Unpopular Opinion: Kurt Vonnegut’s Slaughterhouse-Five is a bad novel. While taste is subjective when it comes to classics of all stripes, I found Slaughterhouse to be littered with problems from start to finish, from form to content.
The novel is the story of a man who unwillingly begins jumping through time. Well, sort of. The story of Billy Pilgrim, WWII veteran and optometrist, is actually revealed in the first section of the book to be the text of a novel by a narrator (perhaps Vonnegut himself). The up-front admission that henceforth all is fiction made it rather hard to care what happened to this fictional time traveler. While I’m one who cares almost absurdly for the fictitious people I read about, Vonnegut never managed to make me believe this was anything other than a novel.
Our psychonautic time traveler is at some point abducted by aliens known as Tralfamadorians.
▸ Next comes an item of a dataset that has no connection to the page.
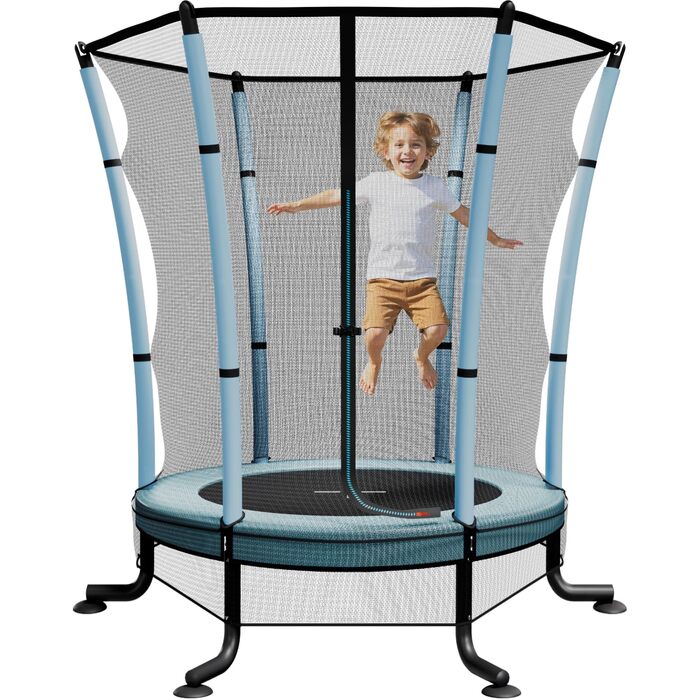 Батут дитячий JUMMICO з захисною сіткою Ø145 см, до 50 кг, блакитний - для дому та вулиці, від 3 років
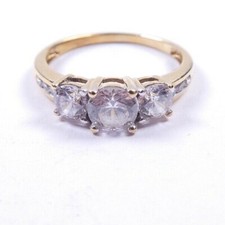 Cubic 3 Stone Ring 9 carat yellow gold Size L1/2 Engagement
This would be well and good if it added something to the book or brought some kind of clarity to the plot. It really does neither, nor does it seem that Vonnegut really knew what to do with this plot thread and so let it drop without much comment. The aliens seem to serve the purpose of elaborating on what we already know:
All moments, past, present, and future, always have existed, always will exist. . . . It is just an illusion we have here on Earth that one moment follows another one, like beads on a string, and that once a moment is gone it is gone forever.
This sums up the idea of the novel, and it comes just four pages into Billy Pilgrim’s story. The rest of the novel to follow elaborates this point to death. I would find the idea explored in the novel much more enjoyable had it not been spelled out so thoroughly just a few pages into the tale. The mental time traveling that Billy proceeds to do would itself suffice to paint this idea. We did not need the aliens, and we certainly didn’t need the theme spoon fed to us.